Instructions to follow:
Excluding pictures, retype exactly the lines from the one with "SPORTS MEDICINE / SPECIAL MATCH …...2020/05/12" through the end of the records that follow.

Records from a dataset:
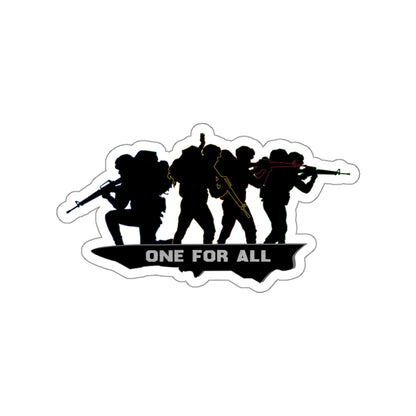 One For All - Die-Cut Sticker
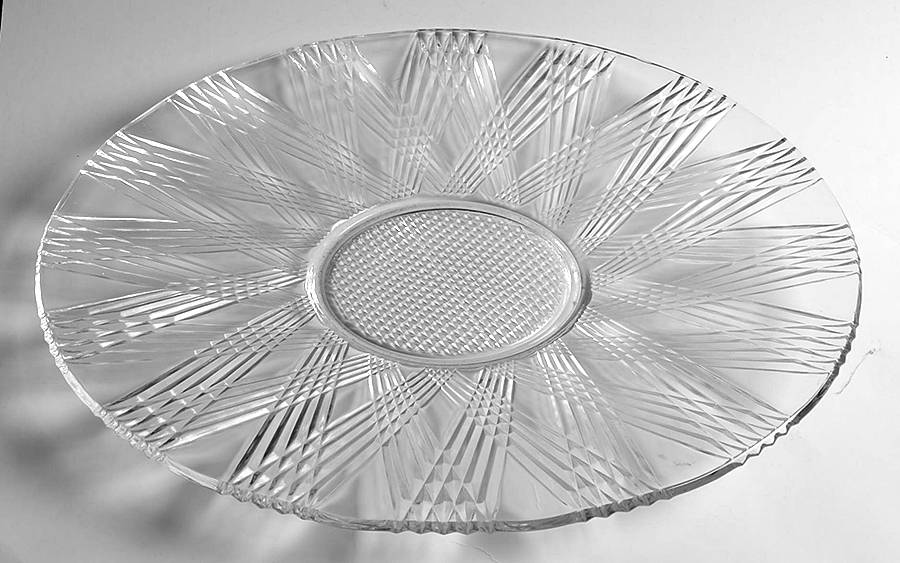 Starlight Clear Sandwich Plate by Hazel-Atlas-1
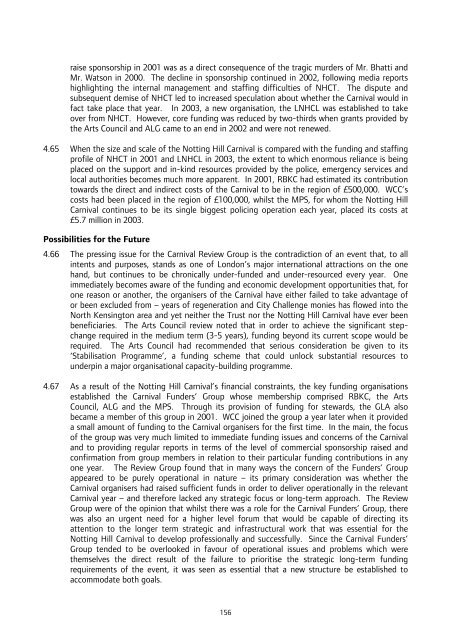 Notting Hill Carnival Strategic Review - Intelligent Space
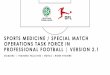 SPORTS MEDICINE / SPECIAL MATCH …...2020/05/12  · SPORTS MEDICINE/ SPECIAL MATCH OPERATIONS TASK FORCE IN PROFESSIONAL FOOTBALL 12 May 2020 / Sports Medicine / Special Match Operations
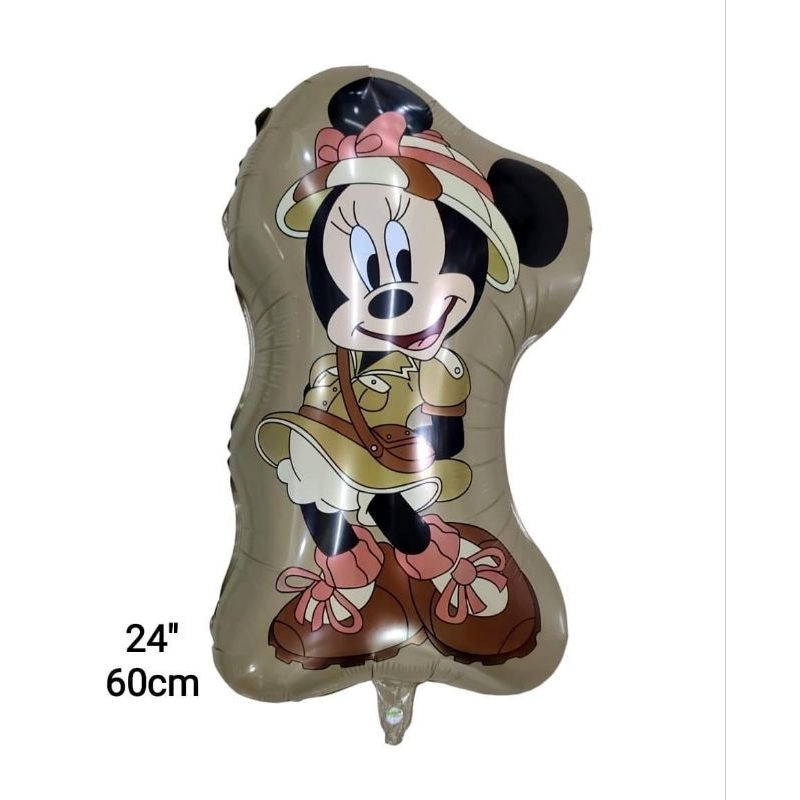 Balão tematico minie safari gigante kit 2 unidades
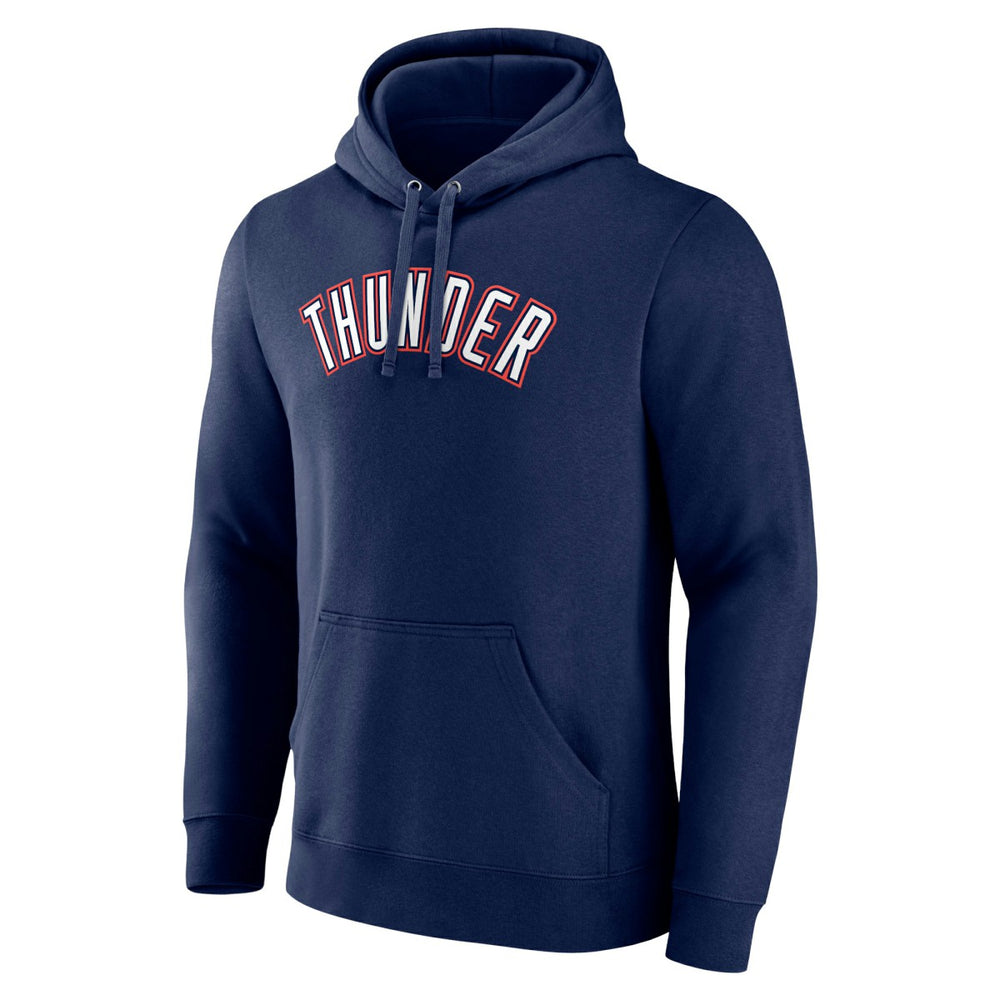 Oklahoma City Thunder Alternate Logo Pullover Hoodie Navy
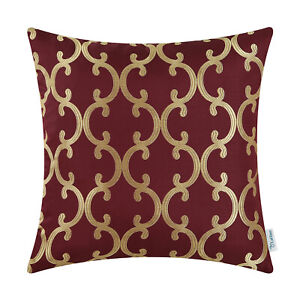 Throw-Pillows-Covers-Cases-Sofa-Quatrefoil-Geometric-Trellis-Chains-18x18-Inches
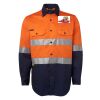 JB's Hi Vis L/S (D+N) 150G Work Shirt Thumbnail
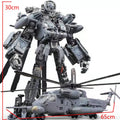 Weijiang Black Apple Blackout M05 Transformation Toys Vertigo M05 Helicopter Hide Shadow Model Action Figure Deformation Robot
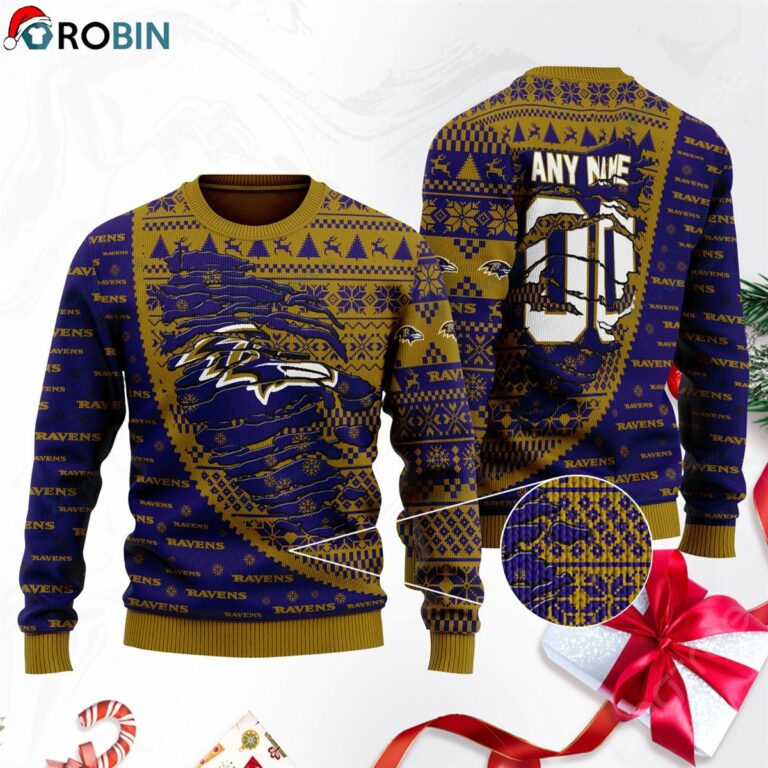Baltimore Ravens Ugly Christmas Sweater, Sweatshirt SWT140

The answer:
 SPORTS MEDICINE / SPECIAL MATCH …...2020/05/12  · SPORTS MEDICINE/ SPECIAL MATCH OPERATIONS TASK FORCE IN PROFESSIONAL FOOTBALL 12 May 2020 / Sports Medicine / Special Match Operations
 Balão tematico minie safari gigante kit 2 unidades
 Oklahoma City Thunder Alternate Logo Pullover Hoodie Navy
 Throw-Pillows-Covers-Cases-Sofa-Quatrefoil-Geometric-Trellis-Chains-18x18-Inches
 JB's Hi Vis L/S (D+N) 150G Work Shirt Thumbnail
 Weijiang Black Apple Blackout M05 Transformation Toys Vertigo M05 Helicopter Hide Shadow Model Action Figure Deformation Robot
Baltimore Ravens Ugly Christmas Sweater, Sweatshirt SWT140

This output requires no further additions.